> _EXERCISE DESCRIPTION_
Please give back only the lines below from the one containing "Stu Edgecumbe and" to the one containing "Western folding pocketknife", each repeated word for word, both ends included.
*** Opening EXCERPTED RECORDS ***
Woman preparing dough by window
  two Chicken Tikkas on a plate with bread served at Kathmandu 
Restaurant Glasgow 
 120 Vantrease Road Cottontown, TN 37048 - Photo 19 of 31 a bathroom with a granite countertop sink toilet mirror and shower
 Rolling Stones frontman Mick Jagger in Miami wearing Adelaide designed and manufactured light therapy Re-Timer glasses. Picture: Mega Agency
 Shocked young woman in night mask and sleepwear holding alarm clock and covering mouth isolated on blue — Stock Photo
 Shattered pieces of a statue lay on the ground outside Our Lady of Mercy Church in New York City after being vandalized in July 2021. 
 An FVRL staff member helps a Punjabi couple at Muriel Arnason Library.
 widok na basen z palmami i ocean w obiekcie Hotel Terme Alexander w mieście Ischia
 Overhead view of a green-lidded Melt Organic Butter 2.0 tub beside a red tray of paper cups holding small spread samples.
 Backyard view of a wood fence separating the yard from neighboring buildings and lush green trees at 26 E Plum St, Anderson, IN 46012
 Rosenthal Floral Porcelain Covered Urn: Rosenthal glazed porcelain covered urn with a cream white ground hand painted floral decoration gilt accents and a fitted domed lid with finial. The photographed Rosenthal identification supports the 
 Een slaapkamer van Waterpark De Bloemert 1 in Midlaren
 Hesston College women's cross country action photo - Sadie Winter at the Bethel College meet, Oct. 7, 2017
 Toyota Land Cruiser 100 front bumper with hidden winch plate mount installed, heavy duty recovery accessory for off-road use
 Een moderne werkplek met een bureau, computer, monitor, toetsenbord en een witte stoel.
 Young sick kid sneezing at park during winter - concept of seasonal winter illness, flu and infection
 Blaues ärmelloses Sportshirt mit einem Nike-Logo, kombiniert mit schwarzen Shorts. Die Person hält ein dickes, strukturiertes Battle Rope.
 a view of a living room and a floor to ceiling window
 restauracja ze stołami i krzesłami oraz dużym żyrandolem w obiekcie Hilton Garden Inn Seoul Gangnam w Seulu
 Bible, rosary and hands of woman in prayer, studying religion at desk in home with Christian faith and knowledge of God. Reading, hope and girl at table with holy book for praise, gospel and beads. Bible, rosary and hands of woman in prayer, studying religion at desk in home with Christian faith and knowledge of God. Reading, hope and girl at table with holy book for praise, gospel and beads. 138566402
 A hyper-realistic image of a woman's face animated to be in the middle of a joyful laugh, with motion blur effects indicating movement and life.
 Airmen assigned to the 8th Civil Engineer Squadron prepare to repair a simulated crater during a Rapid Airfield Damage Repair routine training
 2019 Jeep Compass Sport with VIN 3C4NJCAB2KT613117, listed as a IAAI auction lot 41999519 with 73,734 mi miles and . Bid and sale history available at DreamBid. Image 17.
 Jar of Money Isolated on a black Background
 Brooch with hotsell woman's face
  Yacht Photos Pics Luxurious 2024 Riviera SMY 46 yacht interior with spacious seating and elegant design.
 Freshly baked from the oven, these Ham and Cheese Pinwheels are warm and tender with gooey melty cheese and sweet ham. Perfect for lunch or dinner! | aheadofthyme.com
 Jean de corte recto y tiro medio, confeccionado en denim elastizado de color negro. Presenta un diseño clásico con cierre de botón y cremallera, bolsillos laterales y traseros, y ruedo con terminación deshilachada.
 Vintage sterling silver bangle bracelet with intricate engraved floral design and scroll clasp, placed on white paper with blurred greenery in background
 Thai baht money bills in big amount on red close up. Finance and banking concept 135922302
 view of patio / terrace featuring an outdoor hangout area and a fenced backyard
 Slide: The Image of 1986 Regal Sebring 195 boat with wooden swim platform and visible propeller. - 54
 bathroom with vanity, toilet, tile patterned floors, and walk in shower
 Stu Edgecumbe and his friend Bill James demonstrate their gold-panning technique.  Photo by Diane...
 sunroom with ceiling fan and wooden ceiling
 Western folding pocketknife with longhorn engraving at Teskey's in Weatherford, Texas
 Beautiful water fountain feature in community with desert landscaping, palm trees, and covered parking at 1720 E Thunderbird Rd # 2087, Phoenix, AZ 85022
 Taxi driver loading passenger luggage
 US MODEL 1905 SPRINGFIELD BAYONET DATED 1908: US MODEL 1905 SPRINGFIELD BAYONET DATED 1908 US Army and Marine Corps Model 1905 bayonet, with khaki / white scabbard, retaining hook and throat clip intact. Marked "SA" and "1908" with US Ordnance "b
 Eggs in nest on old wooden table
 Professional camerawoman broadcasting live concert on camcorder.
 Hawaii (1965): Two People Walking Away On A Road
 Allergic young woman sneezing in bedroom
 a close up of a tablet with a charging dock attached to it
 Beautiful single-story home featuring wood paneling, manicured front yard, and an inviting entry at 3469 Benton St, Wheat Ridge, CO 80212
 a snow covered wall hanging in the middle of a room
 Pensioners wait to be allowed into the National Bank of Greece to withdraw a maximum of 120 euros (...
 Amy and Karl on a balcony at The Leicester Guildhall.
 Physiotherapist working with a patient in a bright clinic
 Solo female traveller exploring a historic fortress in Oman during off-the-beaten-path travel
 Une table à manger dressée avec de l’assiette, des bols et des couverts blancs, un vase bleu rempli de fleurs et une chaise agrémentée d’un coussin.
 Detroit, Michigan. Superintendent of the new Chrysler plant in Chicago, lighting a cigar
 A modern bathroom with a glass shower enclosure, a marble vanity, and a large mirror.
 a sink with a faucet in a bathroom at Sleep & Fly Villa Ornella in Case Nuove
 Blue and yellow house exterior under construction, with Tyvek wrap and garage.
*** Closing EXCERPTED RECORDS ***
> _ANSWER_
 Stu Edgecumbe and his friend Bill James demonstrate their gold-panning technique.  Photo by Diane...
 sunroom with ceiling fan and wooden ceiling
 Western folding pocketknife with longhorn engraving at Teskey's in Weatherford, Texas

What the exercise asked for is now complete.